[Activity] Of all the entries below, only the lines from the one with "7 Walt Whitman" up to and including the one with "اقامه نماز استغاثه به امام زمان(عج) در زنجان برگزار شد اقامه" are to be duplicated exactly.

[Data extract]
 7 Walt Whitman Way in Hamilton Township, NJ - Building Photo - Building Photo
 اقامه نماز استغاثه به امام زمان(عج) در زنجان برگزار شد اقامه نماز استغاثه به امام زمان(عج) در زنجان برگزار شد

* * *

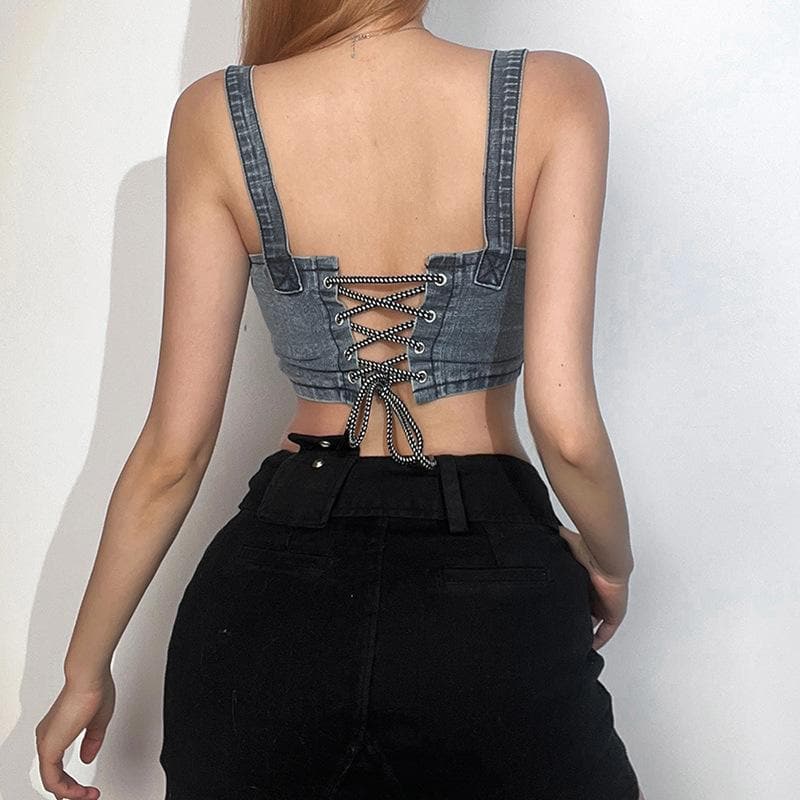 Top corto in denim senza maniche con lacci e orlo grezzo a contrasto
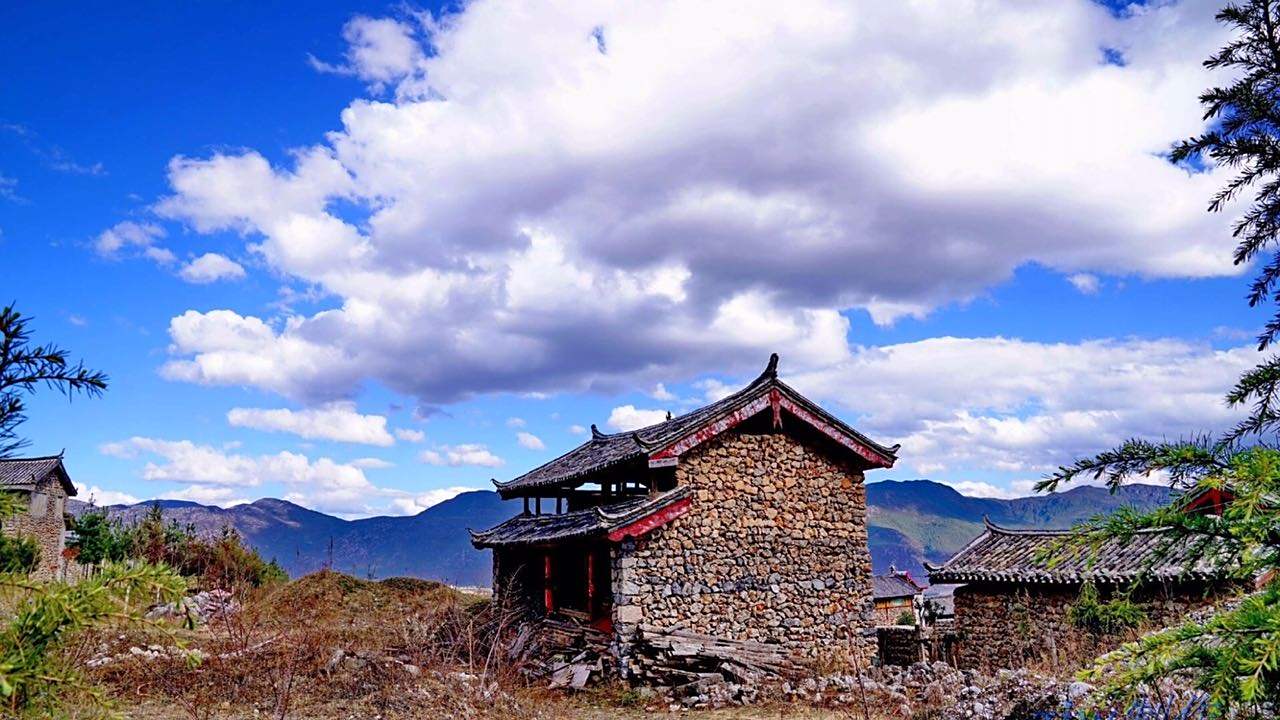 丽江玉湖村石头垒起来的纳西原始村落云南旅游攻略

[Output]
 7 Walt Whitman Way in Hamilton Township, NJ - Building Photo - Building Photo
 اقامه نماز استغاثه به امام زمان(عج) در زنجان برگزار شد اقامه نماز استغاثه به امام زمان(عج) در زنجان برگزار شد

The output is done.